Stoke City
- Chairman: Peter Coates
- Manager: Tony Pulis
- Stadium: Britannia Stadium
- Championship: 8th (73 Points)
- FA Cup: Fourth Round
- League Cup: First Round
- Top goalscorer: League: Ricardo Fuller (10) All: Ricardo Fuller (11)
- Highest home attendance: 23,017 vs Southend United (3 February 2007)
- Lowest home attendance: 11,626 vs Plymouth Argyle (26 August 2006)
- Average home league attendance: 15,749
| Home colours | Away colours |
- ← 2005–062007–08 →

= 2006–07 Stoke City F.C. season =

The 2006–07 season was Stoke City's 100th in the Football League, and the 40th in the second tier.

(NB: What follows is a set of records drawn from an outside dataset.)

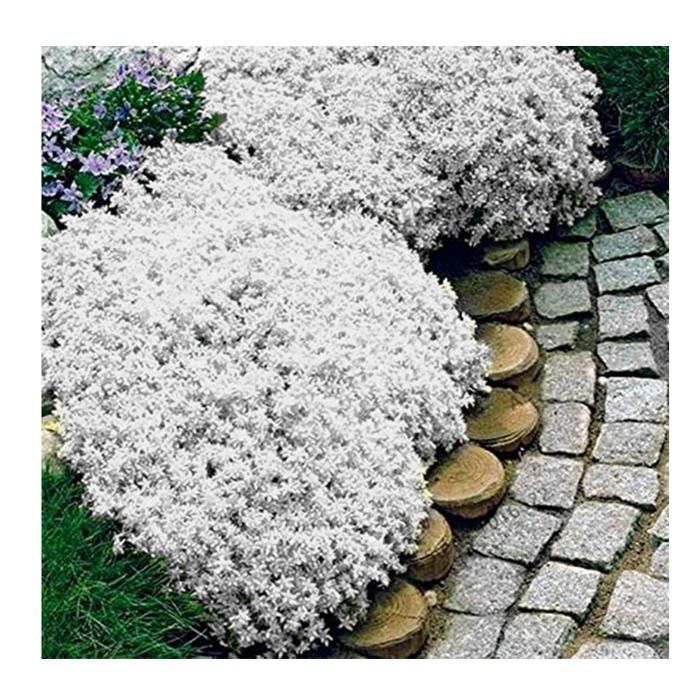 Pinkdose® 1000 Graines De Thym Rampant - Magic Carpet - Thymus Serpyllum - Couvre-sol Vivace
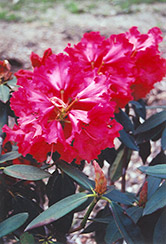 Taurus Rhododendron (Rhododendron 'Taurus') at Stonegate Gardens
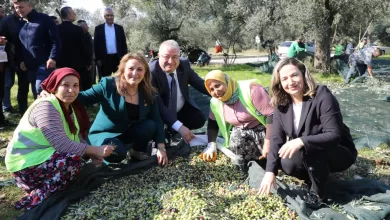 WhatsApp Image 2026 01 15 at 10.22.25 |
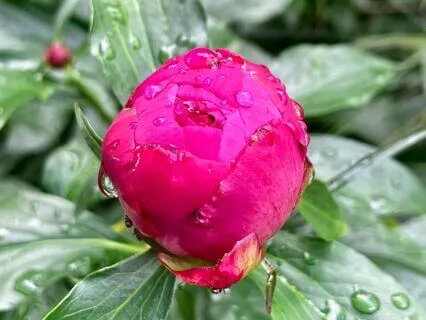 In The Kindness Poem For Grief And Loss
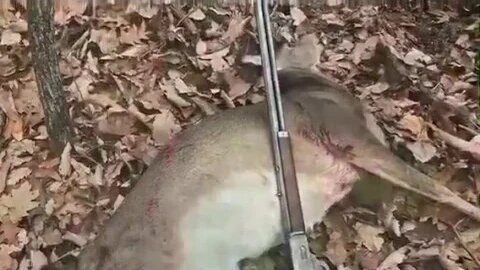 DOE KILL!!! 113 Yr Old Rifle!!! Deer Hunting 2019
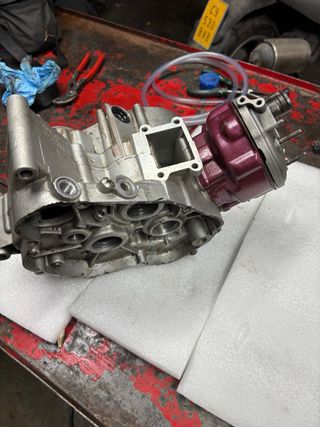 Carter am6 con top rosa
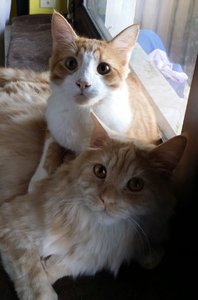 2015-04-25 11.08.05.jpg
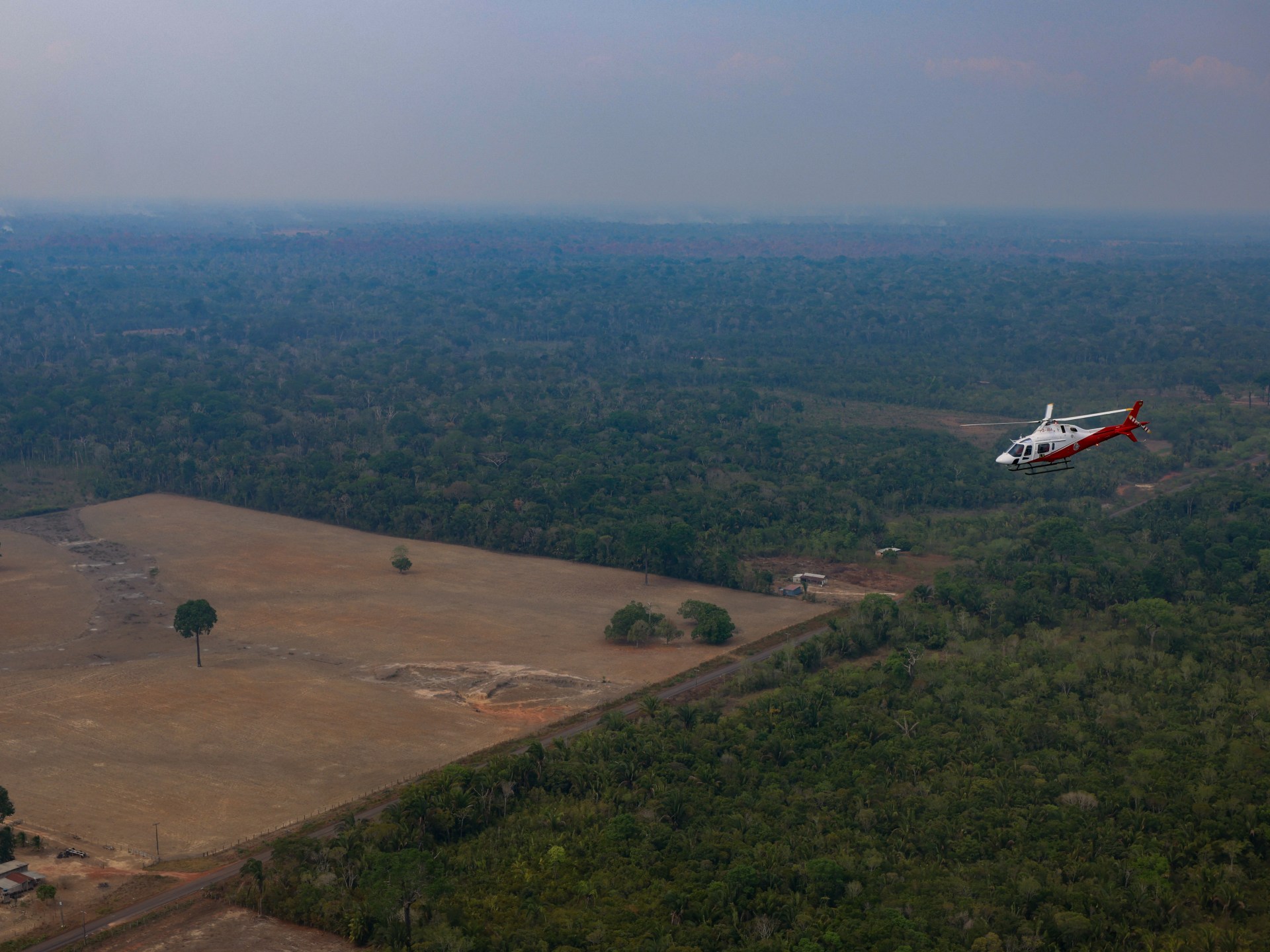 Brazil Amazon Deforestation Drops 42 Percent Reshaping Agri-Commodity Supply Chains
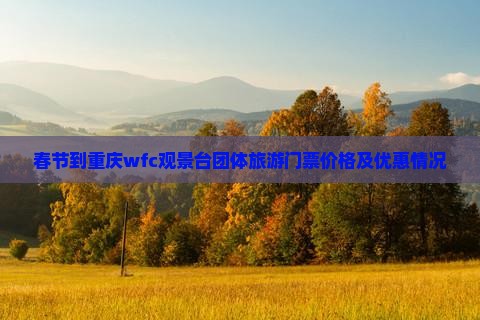 春节到重庆wfc观景台团体旅游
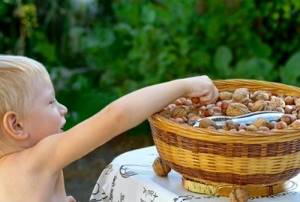 Кедровые орехи детям: с какого возраста можно употреблять в пищу, польза и вред от продукта
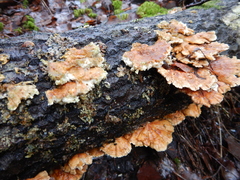 Trametes ochracea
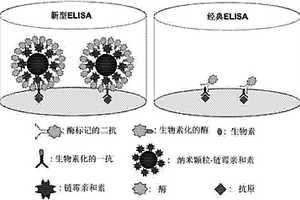 新型超灵敏性ELISA方法的建立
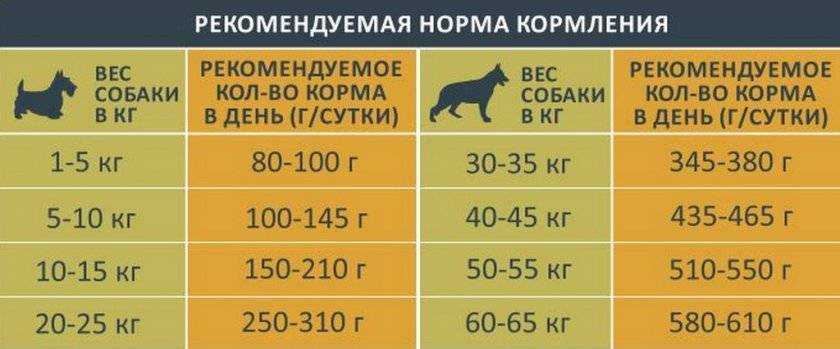 Роль курицы в питании собаки: что можно и нельзя, в каком виде давать собаке кур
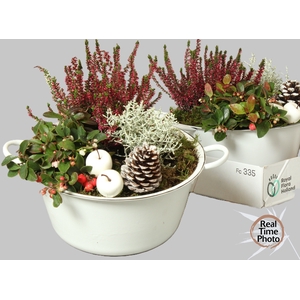 ARR TUINPLANTEN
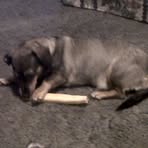 Profile Picture of Vivian Stalls (@stallsvivian) on Facebook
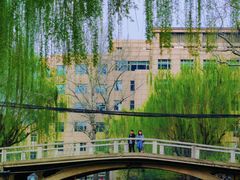 -团结湖公园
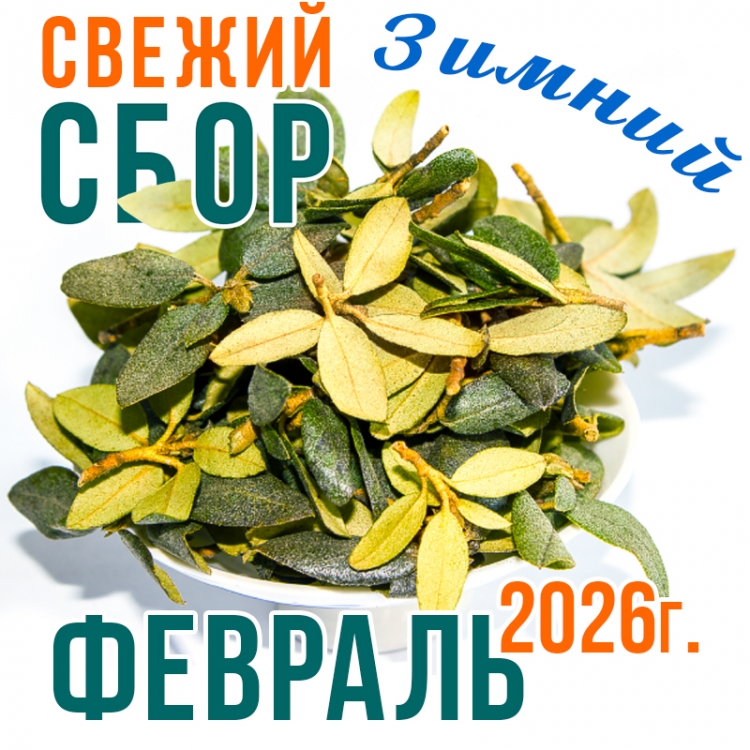 Саган Дайля (саган дали, рододендрон) из В. Саян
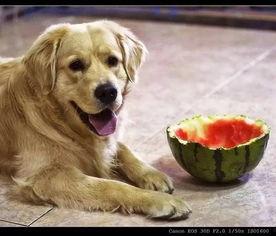 狗狗吃瓜解说,萌宠美食背后的故事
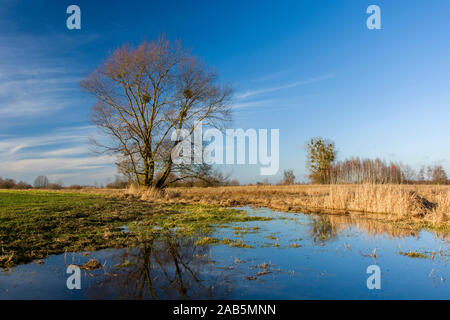 Große blattlosen Baum und Wasser nach dem Regen auf einer Wiese Stockfoto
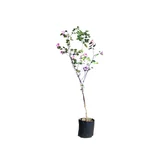 Planta arbol de orquidea b30l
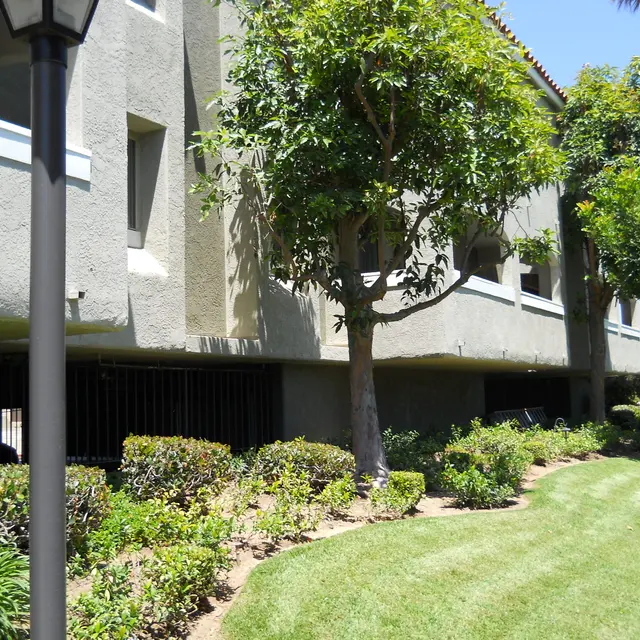 Yorktown Apartments - Grass, Building, Tree
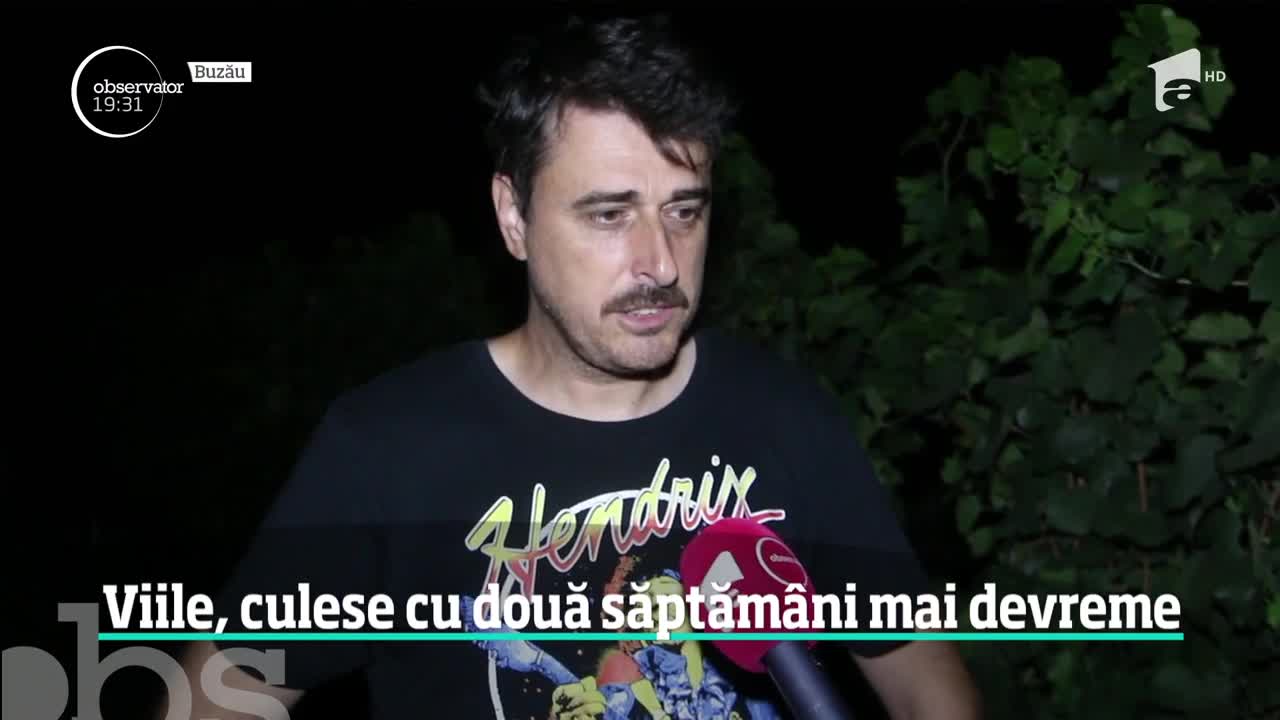 Miroase deja a toamnă! Viile se culeg mai devreme ca &icirc;n alţi ani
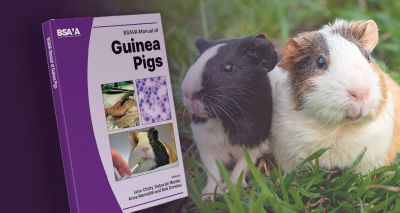 BSAVA announces new Manual of Guinea Pigs
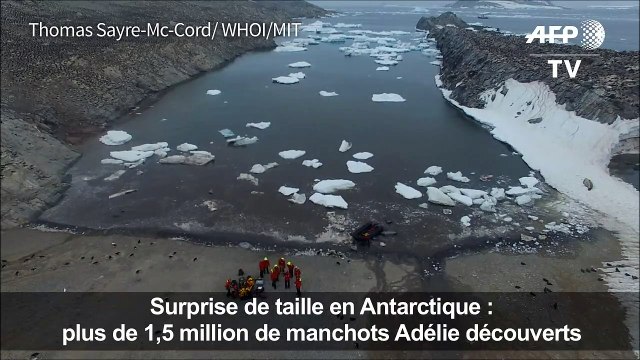 Antarctique: découverte de 1,5 million de manchots Adélie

With the return of Peter Coates and Tony Pulis the objective was to now gain a return to the top flight of English football. Pulis was not a popular choice of manager amongst Stoke supporters and that feeling failed to be improved after a poor start to the season. But Coates provided Pulis with funds to spend on Danny Higginbotham, Ricardo Fuller and several high-profile loan arrivals including Lee Hendrie, Liam Lawrence, Rory Delap, Salif Diao, Andy Griffin and Patrik Berger. Stoke marked a turn around in the direction of the club with a 4–0 win away at Leeds United.

From then on Stoke produced a number of impressive performances as the side began to climb up the table. Stoke went into the final month of the season looking to claim a play-off spot but despite beating the likes of Leicester City and West Bromwich Albion frustrating draws against Cardiff City and Hull City meant that Stoke needed to win their final match away at Queens Park Rangers to have a chance of finishing 6th. It was not to be as a 1–1 was the result and City missed out on the play-offs by two points but it was a very positive season for the club.

==Season review==

===League===
With Peter Coates and Tony Pulis back at the Britannia Stadium the main objective was to challenge for a place in the Premier League. The first act Pulis was since returning as manager was to bring in French forward Vincent Péricard from the club he just left Plymouth Argyle. Despite Pulis expecting big things from him, Péricard failed to impress and is considered one of the worst players to play for the club by supporters. A more successful signing was that of Southampton defender Danny Higginbotham for £225,000. Stoke lost their first match of the season away at newly promoted Southend United but won their first home match 2–0 against a Derby County side tipped to be promoted. But after a woefully boring draw at home to Plymouth, Pulis was booed by the Stoke supporters. On transfer deadline Stoke completed the signing of Jamaican striker Ricardo Fuller for a fee of £500,000 and he would go on to have an eventful six-year career with the club. Pulis again took stick from supporters after seeing their side throw away a two-goal lead at Barnsley. However, despite the poor start to the season Coates remained in full support of Pulis.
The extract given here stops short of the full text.